_BRIEF_: Strip out the pictures and output each remaining line of the data word for word.

---------- DATASET EXTRACT ----------

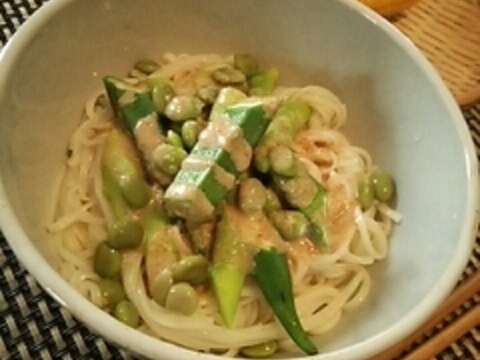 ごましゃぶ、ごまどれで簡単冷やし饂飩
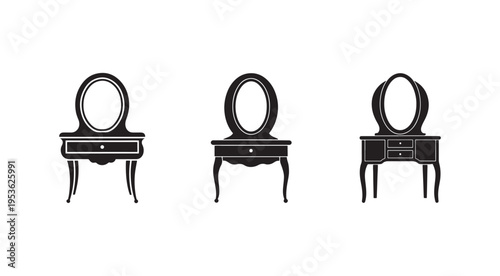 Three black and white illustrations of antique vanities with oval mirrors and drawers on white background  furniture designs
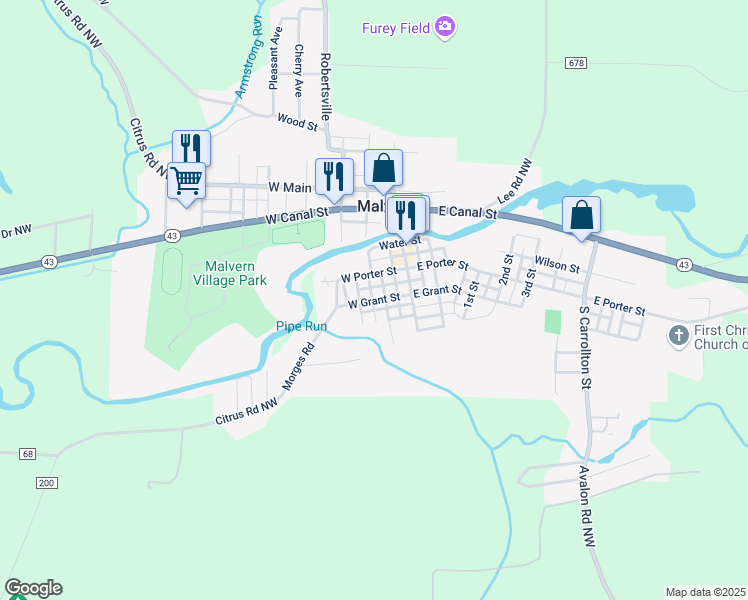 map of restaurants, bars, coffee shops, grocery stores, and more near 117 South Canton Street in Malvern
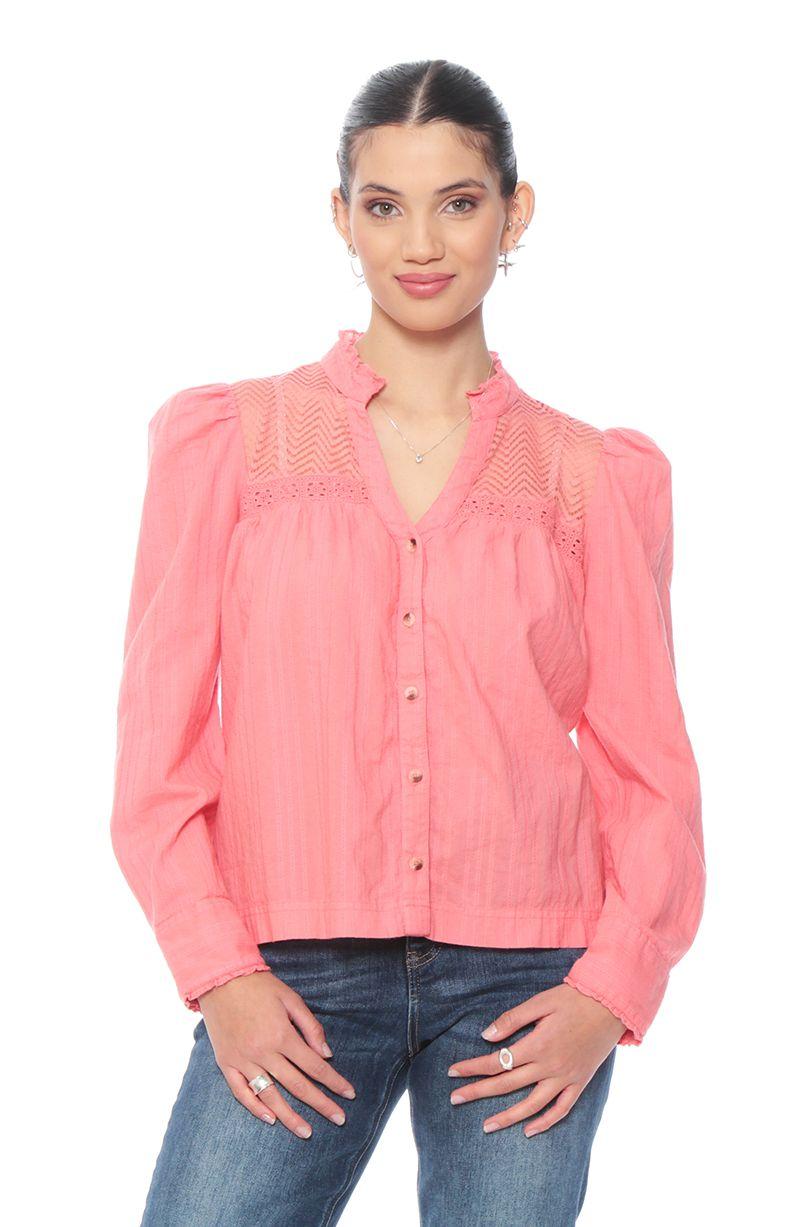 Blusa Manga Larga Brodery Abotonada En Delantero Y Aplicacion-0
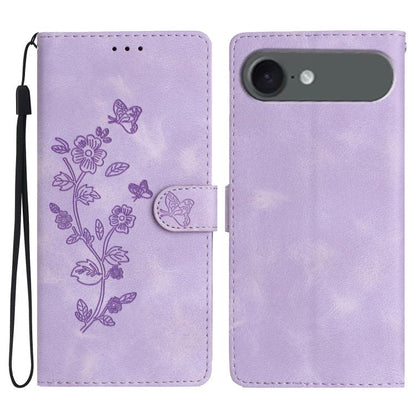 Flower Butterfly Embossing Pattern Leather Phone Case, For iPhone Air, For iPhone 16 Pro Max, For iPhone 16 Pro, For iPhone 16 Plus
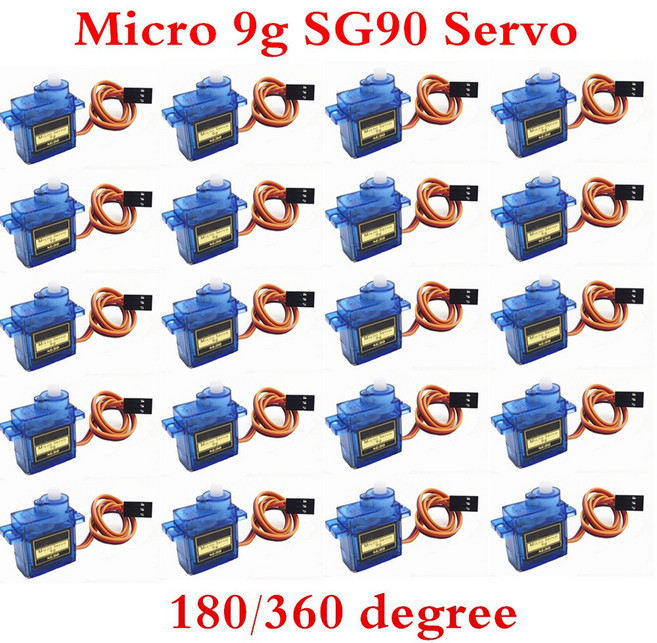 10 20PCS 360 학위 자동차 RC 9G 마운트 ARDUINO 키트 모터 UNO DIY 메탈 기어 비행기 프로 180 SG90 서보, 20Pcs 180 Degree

----------

_TASK RESPONSE_:
 ごましゃぶ、ごまどれで簡単冷やし饂飩
 Three black and white illustrations of antique vanities with oval mirrors and drawers on white background  furniture designs
 map of restaurants, bars, coffee shops, grocery stores, and more near 117 South Canton Street in Malvern
 Blusa Manga Larga Brodery Abotonada En Delantero Y Aplicacion-0
 Flower Butterfly Embossing Pattern Leather Phone Case, For iPhone Air, For iPhone 16 Pro Max, For iPhone 16 Pro, For iPhone 16 Plus
 10 20PCS 360 학위 자동차 RC 9G 마운트 ARDUINO 키트 모터 UNO DIY 메탈 기어 비행기 프로 180 SG90 서보, 20Pcs 180 Degree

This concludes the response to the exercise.